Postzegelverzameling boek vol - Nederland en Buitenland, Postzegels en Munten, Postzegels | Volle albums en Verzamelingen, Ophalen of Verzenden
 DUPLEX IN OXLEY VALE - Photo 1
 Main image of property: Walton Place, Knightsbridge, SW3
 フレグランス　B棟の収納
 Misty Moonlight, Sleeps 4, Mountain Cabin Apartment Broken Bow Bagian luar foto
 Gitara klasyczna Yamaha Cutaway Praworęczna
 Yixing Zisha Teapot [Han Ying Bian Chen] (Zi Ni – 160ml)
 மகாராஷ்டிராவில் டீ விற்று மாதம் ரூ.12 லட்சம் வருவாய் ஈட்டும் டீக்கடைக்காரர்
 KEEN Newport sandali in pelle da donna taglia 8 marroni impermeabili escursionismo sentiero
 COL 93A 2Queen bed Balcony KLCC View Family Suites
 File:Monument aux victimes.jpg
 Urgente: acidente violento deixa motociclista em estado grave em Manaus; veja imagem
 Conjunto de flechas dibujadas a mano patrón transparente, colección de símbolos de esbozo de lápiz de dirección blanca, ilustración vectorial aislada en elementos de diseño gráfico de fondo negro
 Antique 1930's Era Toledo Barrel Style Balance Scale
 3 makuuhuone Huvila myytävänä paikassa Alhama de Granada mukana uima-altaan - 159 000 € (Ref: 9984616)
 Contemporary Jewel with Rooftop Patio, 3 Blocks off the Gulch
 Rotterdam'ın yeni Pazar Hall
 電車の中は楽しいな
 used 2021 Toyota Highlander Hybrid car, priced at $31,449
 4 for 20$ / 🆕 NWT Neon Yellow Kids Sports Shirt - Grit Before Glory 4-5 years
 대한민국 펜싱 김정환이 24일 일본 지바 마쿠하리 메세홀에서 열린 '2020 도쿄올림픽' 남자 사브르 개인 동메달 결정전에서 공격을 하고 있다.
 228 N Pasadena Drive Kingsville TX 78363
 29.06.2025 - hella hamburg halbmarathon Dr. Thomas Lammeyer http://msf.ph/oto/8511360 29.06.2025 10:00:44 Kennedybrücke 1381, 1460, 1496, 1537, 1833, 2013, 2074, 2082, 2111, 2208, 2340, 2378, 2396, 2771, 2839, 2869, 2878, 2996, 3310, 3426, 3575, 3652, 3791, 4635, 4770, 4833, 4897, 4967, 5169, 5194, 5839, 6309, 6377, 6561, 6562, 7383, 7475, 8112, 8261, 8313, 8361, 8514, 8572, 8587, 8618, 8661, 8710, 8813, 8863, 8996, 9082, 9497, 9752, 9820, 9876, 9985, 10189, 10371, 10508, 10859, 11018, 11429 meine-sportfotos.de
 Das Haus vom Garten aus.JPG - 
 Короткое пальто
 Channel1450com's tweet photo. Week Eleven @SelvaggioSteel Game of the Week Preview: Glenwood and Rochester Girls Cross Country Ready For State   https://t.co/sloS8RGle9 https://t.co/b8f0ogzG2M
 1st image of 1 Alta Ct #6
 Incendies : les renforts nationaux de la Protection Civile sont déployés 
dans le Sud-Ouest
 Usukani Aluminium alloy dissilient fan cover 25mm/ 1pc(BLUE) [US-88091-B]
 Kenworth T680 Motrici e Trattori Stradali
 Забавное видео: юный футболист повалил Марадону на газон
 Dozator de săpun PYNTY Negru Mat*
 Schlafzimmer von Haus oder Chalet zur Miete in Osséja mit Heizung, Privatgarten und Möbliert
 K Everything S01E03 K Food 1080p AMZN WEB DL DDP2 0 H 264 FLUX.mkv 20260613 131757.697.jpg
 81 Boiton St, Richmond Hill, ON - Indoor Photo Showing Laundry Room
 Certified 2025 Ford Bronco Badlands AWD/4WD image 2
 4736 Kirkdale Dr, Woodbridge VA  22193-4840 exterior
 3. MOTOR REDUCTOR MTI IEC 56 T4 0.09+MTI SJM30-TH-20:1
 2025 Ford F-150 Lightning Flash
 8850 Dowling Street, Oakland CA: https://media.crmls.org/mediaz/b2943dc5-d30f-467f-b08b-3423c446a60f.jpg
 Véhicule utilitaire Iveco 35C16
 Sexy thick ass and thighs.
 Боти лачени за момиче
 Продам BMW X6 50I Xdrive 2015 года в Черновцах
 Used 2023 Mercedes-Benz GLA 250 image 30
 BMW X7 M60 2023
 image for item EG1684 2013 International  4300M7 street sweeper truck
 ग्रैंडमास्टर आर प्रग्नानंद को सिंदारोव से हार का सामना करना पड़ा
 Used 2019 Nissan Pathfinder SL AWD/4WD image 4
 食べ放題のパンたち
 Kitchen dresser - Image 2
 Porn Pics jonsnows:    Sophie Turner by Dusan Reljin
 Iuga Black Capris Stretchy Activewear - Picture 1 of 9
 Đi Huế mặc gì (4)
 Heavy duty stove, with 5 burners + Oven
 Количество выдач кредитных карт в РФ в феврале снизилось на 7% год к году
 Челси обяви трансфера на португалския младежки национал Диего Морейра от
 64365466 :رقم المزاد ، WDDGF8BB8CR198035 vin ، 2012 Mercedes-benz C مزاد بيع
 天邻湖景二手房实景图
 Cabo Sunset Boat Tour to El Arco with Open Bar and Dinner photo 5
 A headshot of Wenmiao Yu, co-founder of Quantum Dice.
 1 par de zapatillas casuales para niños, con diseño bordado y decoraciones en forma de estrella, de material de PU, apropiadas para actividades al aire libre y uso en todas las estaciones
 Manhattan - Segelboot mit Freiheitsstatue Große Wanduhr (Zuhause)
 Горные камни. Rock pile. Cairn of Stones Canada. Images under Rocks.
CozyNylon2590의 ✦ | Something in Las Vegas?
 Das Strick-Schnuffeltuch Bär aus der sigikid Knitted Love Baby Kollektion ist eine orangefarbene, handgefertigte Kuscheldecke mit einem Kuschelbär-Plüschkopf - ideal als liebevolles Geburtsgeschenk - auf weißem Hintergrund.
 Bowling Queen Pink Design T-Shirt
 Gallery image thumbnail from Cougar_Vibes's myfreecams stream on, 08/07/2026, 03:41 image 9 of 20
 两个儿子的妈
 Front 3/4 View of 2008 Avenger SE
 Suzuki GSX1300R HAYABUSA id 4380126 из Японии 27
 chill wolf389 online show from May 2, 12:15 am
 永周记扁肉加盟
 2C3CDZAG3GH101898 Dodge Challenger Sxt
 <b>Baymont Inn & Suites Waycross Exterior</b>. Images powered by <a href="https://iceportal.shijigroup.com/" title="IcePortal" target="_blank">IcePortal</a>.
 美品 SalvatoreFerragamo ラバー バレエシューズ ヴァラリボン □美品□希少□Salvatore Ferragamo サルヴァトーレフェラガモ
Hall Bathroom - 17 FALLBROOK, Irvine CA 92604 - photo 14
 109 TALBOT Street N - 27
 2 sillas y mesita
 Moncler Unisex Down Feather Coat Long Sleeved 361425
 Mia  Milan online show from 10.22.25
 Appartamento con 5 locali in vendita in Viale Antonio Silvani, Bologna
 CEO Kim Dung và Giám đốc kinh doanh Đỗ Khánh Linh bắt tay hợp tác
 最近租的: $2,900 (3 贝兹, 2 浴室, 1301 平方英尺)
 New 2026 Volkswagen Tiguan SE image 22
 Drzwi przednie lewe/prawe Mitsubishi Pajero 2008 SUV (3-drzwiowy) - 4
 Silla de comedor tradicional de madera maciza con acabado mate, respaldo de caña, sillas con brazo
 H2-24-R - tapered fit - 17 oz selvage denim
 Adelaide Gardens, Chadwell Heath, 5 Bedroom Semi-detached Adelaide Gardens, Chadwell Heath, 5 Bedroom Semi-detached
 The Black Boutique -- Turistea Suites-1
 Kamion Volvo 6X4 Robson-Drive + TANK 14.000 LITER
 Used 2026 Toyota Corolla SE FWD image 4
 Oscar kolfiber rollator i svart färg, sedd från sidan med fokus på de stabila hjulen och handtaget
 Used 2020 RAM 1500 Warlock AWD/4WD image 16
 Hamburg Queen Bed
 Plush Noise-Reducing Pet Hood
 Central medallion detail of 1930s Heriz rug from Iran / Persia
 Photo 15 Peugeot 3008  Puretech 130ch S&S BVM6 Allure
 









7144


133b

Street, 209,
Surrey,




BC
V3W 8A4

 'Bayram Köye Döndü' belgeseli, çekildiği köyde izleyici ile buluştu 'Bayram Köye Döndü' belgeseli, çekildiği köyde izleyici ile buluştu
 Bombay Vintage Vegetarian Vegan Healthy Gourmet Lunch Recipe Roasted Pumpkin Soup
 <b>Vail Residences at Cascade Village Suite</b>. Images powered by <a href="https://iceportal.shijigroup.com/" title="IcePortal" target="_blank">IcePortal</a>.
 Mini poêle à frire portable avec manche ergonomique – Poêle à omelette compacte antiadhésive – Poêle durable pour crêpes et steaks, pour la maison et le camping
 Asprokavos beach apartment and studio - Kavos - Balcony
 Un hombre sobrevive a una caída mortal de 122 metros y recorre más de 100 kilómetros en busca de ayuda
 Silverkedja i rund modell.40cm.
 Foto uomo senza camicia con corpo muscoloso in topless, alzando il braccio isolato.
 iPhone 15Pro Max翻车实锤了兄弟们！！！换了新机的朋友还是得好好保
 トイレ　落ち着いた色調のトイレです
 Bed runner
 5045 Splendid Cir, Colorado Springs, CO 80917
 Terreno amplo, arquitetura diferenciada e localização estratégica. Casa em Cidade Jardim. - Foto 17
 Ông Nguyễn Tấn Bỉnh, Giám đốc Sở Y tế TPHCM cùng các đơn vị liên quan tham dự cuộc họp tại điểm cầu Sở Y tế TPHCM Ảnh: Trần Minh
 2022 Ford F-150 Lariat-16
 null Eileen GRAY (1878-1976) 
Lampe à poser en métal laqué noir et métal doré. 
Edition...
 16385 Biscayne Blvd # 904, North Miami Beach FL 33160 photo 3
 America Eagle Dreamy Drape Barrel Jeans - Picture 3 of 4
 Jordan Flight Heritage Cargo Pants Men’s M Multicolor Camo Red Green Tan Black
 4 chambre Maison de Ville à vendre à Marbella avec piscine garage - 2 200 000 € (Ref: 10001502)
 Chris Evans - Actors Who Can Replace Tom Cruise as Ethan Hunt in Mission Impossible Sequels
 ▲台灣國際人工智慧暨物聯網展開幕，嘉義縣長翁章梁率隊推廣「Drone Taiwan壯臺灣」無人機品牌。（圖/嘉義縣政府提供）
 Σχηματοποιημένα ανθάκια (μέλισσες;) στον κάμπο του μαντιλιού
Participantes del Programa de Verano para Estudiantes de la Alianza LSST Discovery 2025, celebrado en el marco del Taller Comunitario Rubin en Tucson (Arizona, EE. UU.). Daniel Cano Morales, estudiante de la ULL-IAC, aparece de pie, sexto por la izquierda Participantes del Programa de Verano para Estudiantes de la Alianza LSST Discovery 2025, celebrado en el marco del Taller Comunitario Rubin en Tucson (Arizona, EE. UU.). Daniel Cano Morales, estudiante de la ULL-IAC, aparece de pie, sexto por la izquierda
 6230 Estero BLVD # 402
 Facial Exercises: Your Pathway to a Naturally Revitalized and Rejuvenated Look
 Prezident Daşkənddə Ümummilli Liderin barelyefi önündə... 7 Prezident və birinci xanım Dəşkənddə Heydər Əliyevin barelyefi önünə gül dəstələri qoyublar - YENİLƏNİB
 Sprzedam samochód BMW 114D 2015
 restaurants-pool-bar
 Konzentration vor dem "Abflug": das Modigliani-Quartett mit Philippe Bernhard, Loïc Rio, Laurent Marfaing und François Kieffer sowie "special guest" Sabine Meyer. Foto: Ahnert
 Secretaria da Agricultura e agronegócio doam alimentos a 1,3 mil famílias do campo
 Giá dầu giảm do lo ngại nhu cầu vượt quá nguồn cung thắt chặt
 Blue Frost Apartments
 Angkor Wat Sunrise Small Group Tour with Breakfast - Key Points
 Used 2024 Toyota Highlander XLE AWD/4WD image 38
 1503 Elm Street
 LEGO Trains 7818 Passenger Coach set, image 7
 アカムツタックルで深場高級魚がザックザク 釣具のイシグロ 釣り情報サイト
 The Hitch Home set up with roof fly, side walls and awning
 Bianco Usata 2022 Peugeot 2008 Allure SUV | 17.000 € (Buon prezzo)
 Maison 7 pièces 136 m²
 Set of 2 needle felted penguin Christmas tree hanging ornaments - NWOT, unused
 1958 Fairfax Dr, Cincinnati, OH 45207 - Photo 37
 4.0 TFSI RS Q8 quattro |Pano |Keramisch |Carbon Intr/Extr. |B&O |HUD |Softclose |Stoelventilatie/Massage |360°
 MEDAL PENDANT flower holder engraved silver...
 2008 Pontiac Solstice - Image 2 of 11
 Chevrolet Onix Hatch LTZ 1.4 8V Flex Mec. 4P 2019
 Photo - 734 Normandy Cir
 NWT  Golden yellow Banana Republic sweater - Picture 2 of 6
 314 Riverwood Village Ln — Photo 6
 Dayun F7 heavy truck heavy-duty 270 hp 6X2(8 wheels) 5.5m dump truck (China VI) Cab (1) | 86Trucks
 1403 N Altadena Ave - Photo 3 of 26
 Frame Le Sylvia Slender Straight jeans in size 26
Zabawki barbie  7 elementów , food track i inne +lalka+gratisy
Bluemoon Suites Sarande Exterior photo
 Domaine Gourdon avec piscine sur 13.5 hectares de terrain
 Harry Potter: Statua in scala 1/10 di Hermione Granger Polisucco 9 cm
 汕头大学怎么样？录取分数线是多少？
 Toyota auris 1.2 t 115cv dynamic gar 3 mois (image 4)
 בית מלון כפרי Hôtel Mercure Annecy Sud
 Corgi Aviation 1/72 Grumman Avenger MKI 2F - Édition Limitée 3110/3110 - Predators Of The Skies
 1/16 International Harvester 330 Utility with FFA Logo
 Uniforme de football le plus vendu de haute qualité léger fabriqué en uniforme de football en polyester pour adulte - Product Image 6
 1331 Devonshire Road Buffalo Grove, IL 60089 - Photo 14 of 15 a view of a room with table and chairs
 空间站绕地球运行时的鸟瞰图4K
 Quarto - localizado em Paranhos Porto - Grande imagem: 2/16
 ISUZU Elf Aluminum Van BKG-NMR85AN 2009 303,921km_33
▬▬▬▬▬▬
→ What you should do:
Your reply should be the lines from the one that contains "Maison 7 pièces 136 m²" through the end of the listing above, repeated exactly.

→ Result of the exercise:
 Maison 7 pièces 136 m²
 Set of 2 needle felted penguin Christmas tree hanging ornaments - NWOT, unused
 1958 Fairfax Dr, Cincinnati, OH 45207 - Photo 37
 4.0 TFSI RS Q8 quattro |Pano |Keramisch |Carbon Intr/Extr. |B&O |HUD |Softclose |Stoelventilatie/Massage |360°
 MEDAL PENDANT flower holder engraved silver...
 2008 Pontiac Solstice - Image 2 of 11
 Chevrolet Onix Hatch LTZ 1.4 8V Flex Mec. 4P 2019
 Photo - 734 Normandy Cir
 NWT  Golden yellow Banana Republic sweater - Picture 2 of 6
 314 Riverwood Village Ln — Photo 6
 Dayun F7 heavy truck heavy-duty 270 hp 6X2(8 wheels) 5.5m dump truck (China VI) Cab (1) | 86Trucks
 1403 N Altadena Ave - Photo 3 of 26
 Frame Le Sylvia Slender Straight jeans in size 26
Zabawki barbie  7 elementów , food track i inne +lalka+gratisy
Bluemoon Suites Sarande Exterior photo
 Domaine Gourdon avec piscine sur 13.5 hectares de terrain
 Harry Potter: Statua in scala 1/10 di Hermione Granger Polisucco 9 cm
 汕头大学怎么样？录取分数线是多少？
 Toyota auris 1.2 t 115cv dynamic gar 3 mois (image 4)
 בית מלון כפרי Hôtel Mercure Annecy Sud
 Corgi Aviation 1/72 Grumman Avenger MKI 2F - Édition Limitée 3110/3110 - Predators Of The Skies
 1/16 International Harvester 330 Utility with FFA Logo
 Uniforme de football le plus vendu de haute qualité léger fabriqué en uniforme de football en polyester pour adulte - Product Image 6
 1331 Devonshire Road Buffalo Grove, IL 60089 - Photo 14 of 15 a view of a room with table and chairs
 空间站绕地球运行时的鸟瞰图4K
 Quarto - localizado em Paranhos Porto - Grande imagem: 2/16
 ISUZU Elf Aluminum Van BKG-NMR85AN 2009 303,921km_33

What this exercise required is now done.